Businesses are therefore caught between contradictory pressures. Regulators demand resilience and transparency, while boards continue pursuing leaner outsourcing models and AI-driven procurement systems that make supply chains more opaque rather than clearer.
The AI Governance Vacuum
Artificial intelligence has become the clearest example of modern regulatory fragmentation. A bank using AI for fraud detection may simultaneously fall under privacy law, anti-discrimination rules, consumer protection obligations and financial conduct supervision, yet no regulator can fully explain where responsibility for algorithmic decisions ultimately begins or ends. The confusion is growing as firms deploy autonomous agentic systems capable of approving loans, monitoring transactions and generating compliance reports with minimal human intervention.

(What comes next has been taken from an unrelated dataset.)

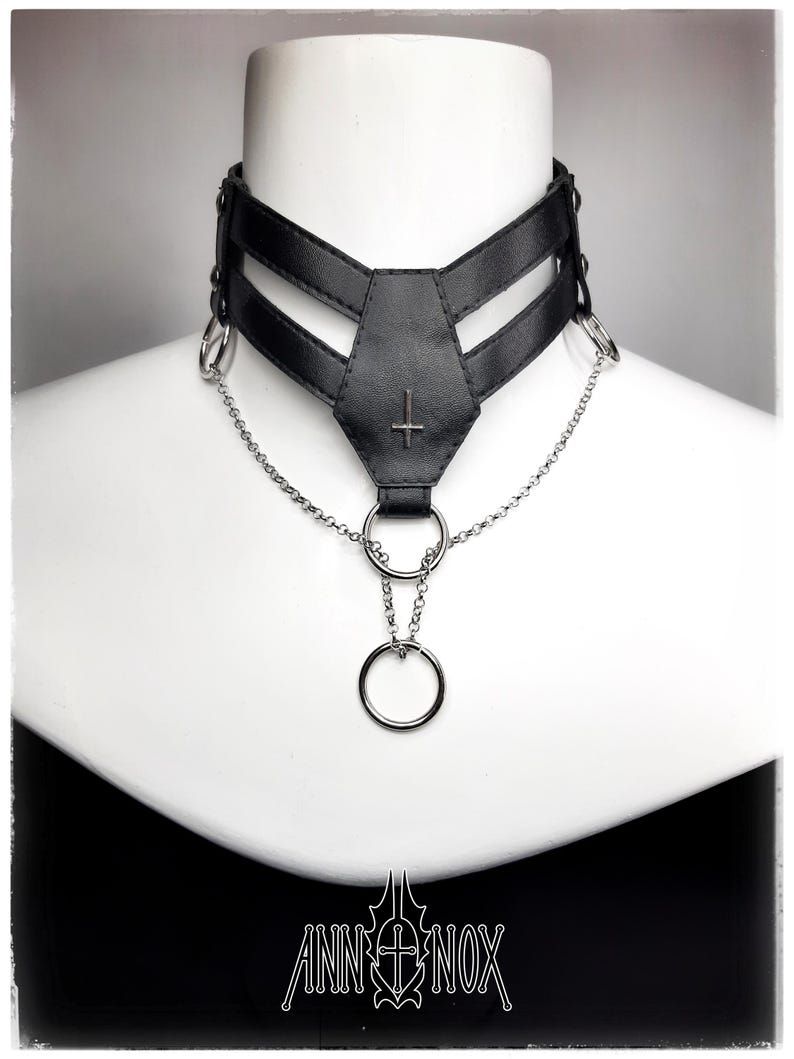 May include: Black choker necklace with a silver chain and rings. The choker features a geometric design with a cross symbol. The brand name "ANN NOX" is displayed at the bottom.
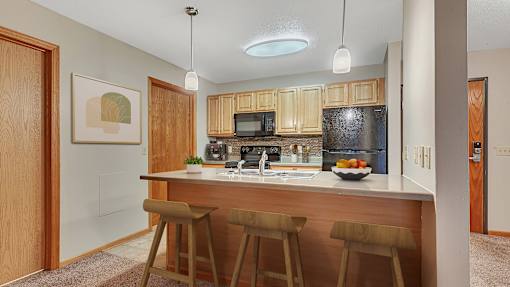 a kitchen with wooden cabinets and a counter with three bar stools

The EU AI Act adopts a highly prescriptive model built around risk categories and mandatory controls, while the UK continues favouring a more principles-based approach intended to encourage innovation. The result is increasing uncertainty for multinational businesses operating across both systems. Financial institutions are already battling synthetic identity fraud powered by generative AI, while employees sometimes quietly introduce “shadow AI” tools into workflows without formal governance approval.
The deeper concern is that regulators may already be falling behind the technology itself. Many organisations are deploying AI systems that neither internal auditors nor external supervisors fully understand. Even AI-generated compliance documentation can obscure rather than clarify how automated decisions are actually being made.

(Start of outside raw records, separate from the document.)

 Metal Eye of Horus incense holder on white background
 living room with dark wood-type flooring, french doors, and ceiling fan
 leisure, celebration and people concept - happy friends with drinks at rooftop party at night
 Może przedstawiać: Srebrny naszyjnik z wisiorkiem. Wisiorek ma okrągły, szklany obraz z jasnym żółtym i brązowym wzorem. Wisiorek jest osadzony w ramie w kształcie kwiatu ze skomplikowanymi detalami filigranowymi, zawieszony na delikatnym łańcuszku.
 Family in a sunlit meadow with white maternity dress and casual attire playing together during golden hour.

From Silicon Valley to Sovereign Regulators
Compliance is no longer simply a legal exercise. It has now become a geopolitical balancing act. Brussels is pursuing “digital sovereignty” through new EU data and technology policies, while post-Brexit Britain is gradually diverging from EU cyber and privacy frameworks. At the same time, US-China technology tensions are forcing European firms to reassess suppliers, cloud providers and investment partnerships. Dutch chipmaker ASML, for instance, has faced export restrictions on semiconductor equipment destined for China, while TikTok continues to face European scrutiny over data security concerns. Companies must now navigate conflicting sanctions regimes, localisation requirements and investment screening rules across multiple jurisdictions. Regulation increasingly functions as a strategic state weapon rather than merely consumer protection.

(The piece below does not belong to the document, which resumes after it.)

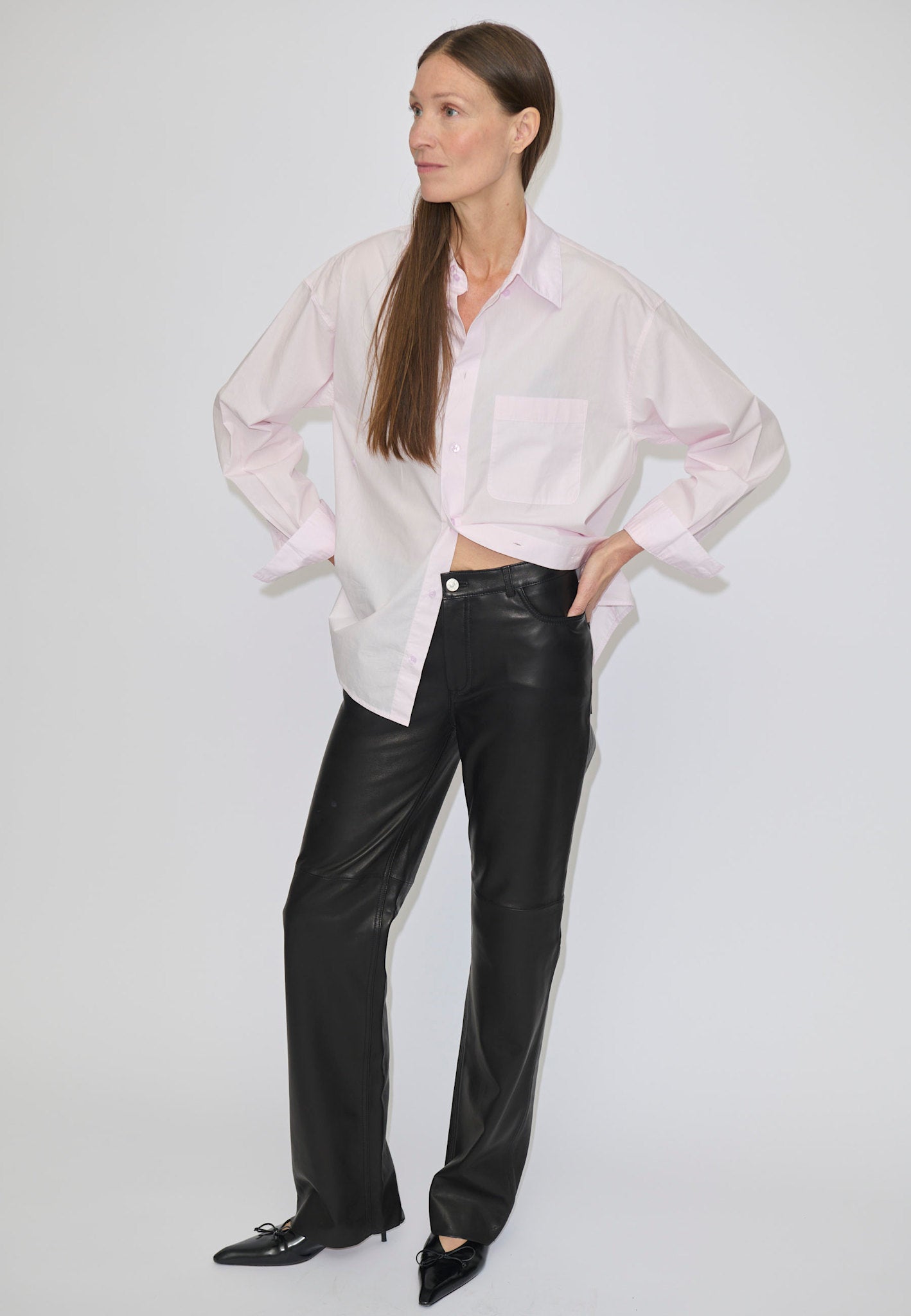 A person wearing a pale pink button-down shirt and high-waisted, straight-fit black Cooper Leather Jeans by Herskind ApS, with their hands on their hips.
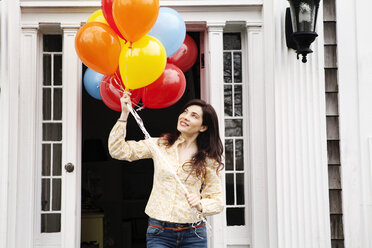 Woman holding helium balloons while standing outside house - CAVF10147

Compliance as Strategic Navigation
Regulatory fragmentation is unlikely to fade in the coming decade. Instead, businesses face a permanent landscape of overlapping rules shaped by politics, trade disputes and national security concerns. The World Economic Forum has warned that companies are operating in an increasingly “polycrisis” environment, while Deloitte notes that boards now treat regulatory risk as a strategic issue rather than a legal afterthought. Successful firms will build flexible governance systems, invest in real-time compliance monitoring and prepare for sudden policy shifts across multiple markets. The next competitive advantage may not be innovation alone, but the ability to navigate regulatory complexity without becoming paralysed by it.
And what about you…?
- In your experience, where do you see the greatest overlap between different regulations, standards, or governing bodies in your field, and how does this affect your day-to-day work?
- What concerns do you have about the impact of overlapping regulations on innovation, decision-making, or professional autonomy within your organisation or industry?